Minimal surface terminology

Question

If $f: \Omega \subset \mathbb{R}^2 \rightarrow \mathbb{R}$ is smooth, then its graph $G = \{(x,y, f(x,y) | (x,y) \in \Omega\}$ is a minimiser of area if and only if it satisfies the Euler-Lagrange equation for the area functional. I saw further that if $\Omega$ is convex, then $G$ is absolutely area minimising. What is the definition of absolutely area minimising vs just area minimising? The terminology is used here: https://arxiv.org/abs/math/0511469v1

Answer 1

There are some misunderstanding of the terms. First of all, a graph $G$ which satisfies the Euler Lagrange equation

$$ \text{div} \left( \frac{\nabla f}{\sqrt{1+|\nabla f|^2}}\right) = 0$$

if and only if it is a critical point of the area functional. In this case the graph is a minimal surface. That this is a minimal surface does not mean that it is a local or global minimizer of the area functional.

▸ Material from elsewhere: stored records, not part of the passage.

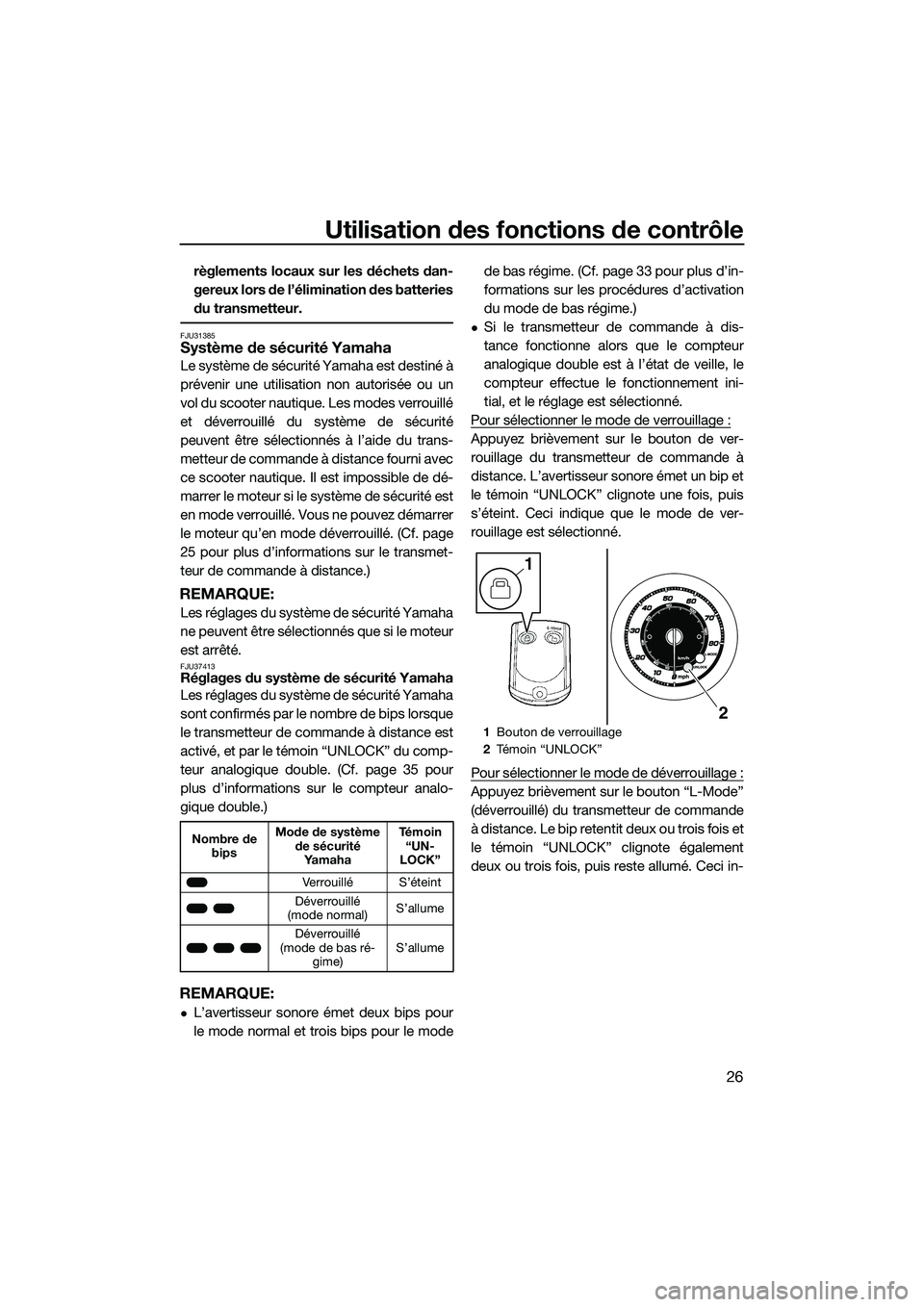 YAMAHA FZR SVHO 2014 Notices Demploi (in French) Utilisation des fonctions de contrôle
26
règlements locaux sur les déchets dan-
gereux lors de l’élimination des batteries
du transmetteur.
FJU31385Système de sécurité Yamaha
Le système de s YAMAHA FZR SVHO 2014 Notices Demploi (in French) Utilisation des fonctions de contrôle
26
règlements locaux sur les déchets dan-
gereux lors de l’élimination des batteries
du transmetteur.
FJU31385Système de sécurité Yamaha
Le système de s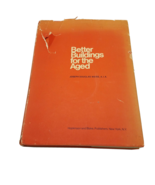 Better Building for the Aged Weiss Architecture 1969 Hopkinson and Blake... - £14.98 GBP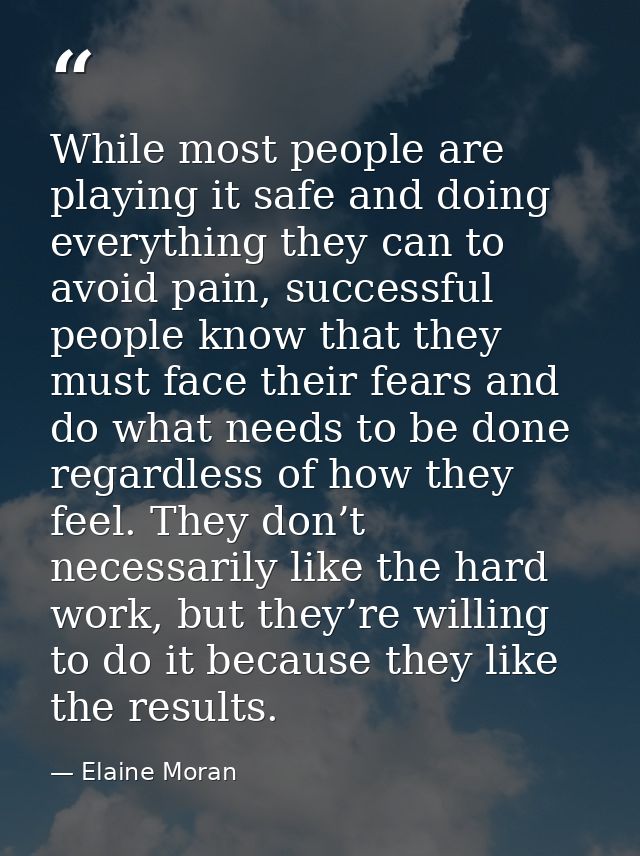 While most people are playing it safe and doing everything they can to avoid pain, successful people know that they must — Elaine Moran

However, as shown in p.4 in Colding-Minicozzi's note, if the graph $G$ of $f$ is a minimal surface, then it is also a area-minimizer amongst surfaces in the cylinder $\Omega \times \mathbb R$ with the same boundary. That is, if $M$ is a minimal surface in $\Omega \times \mathbb R$ such that $\partial M = \partial G:= \{ (x, y, f(x, y)): (x, y)\in \partial \Omega\}$, then $$\text{Area}(M) \ge \text{Area} (G).$$

In particular, the graph $G$ might not be an absolute area-minimizer in $\mathbb R^3$: there might be some surface $M$ in $\mathbb R^3$ with $\partial M = \partial G$ with strictly smaller area. As shown in the note, $G$ is indeed an absolute area-minimizer when $\Omega$ is convex.